Initial jobless claims edged higher last week, rising 13,000 from a revised 323,000 to 336,000. The four-week moving average dipped to 330,500, its lowest point since late 2007.
Early on, some were chalking up the most recent downtrend improvement in jobless claims to faulty seasonal adjustment factors. However, the sustainability of the overall downward trend suggests that the improvement may be more durable than initially believed.
Despite this recent uptick, the overall trend continues to provide evidence of slow, steady improvement in labor market conditions.
While the claims data indicates a relatively favorable environment for layoffs, job creation remains moderate as employers remain reluctant to hire in the face of only modest economic growth. With jobless claims at current levels, payroll gains would typically be more robust. Nonetheless, in the absence of faster growth, the need for employers to hire more workers – and their confidence in doing so – has been diminished. The result is a stubbornly high jobless rate and meager wage increases.
The Fed minutes released yesterday confirmed that a tapering of the ongoing open market purchases program is likely in the cards before year end, although not without some dissention about timing and communication within the Committee. In the meantime, capital markets may be subjected to additional volatility as investors attempt to calibrate their expectations for the future path of monetary policy.
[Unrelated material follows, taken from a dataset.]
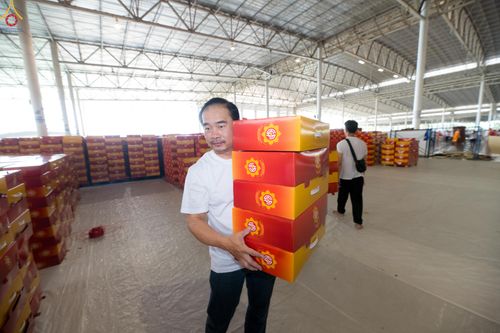 ภาพ No.320538:วันที่ 10 เมษายน พ.ศ.2569 การเตรียมกล่องไทยธรรม เพื่องานถวายมหาสังฆทาน 40,000 กว่าวัดทั่วประเทศ วันคุ้มครองโลก 22 เมษายน พ.ศ.2569 วัดพระธรรมกาย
All things considered, recent data appears to support the view that the economy continues to push forward at a sluggish, persistent pace, while economists once again point toward better growth in the quarters ahead. This has seemingly been the recurring theme for expectations over much of the past few years. As we move into the latter stages of the third quarter and move into the final months of the year, incoming data should provide a reasonable insight into whether those expectations will be met, or whether higher growth will fail to materialize.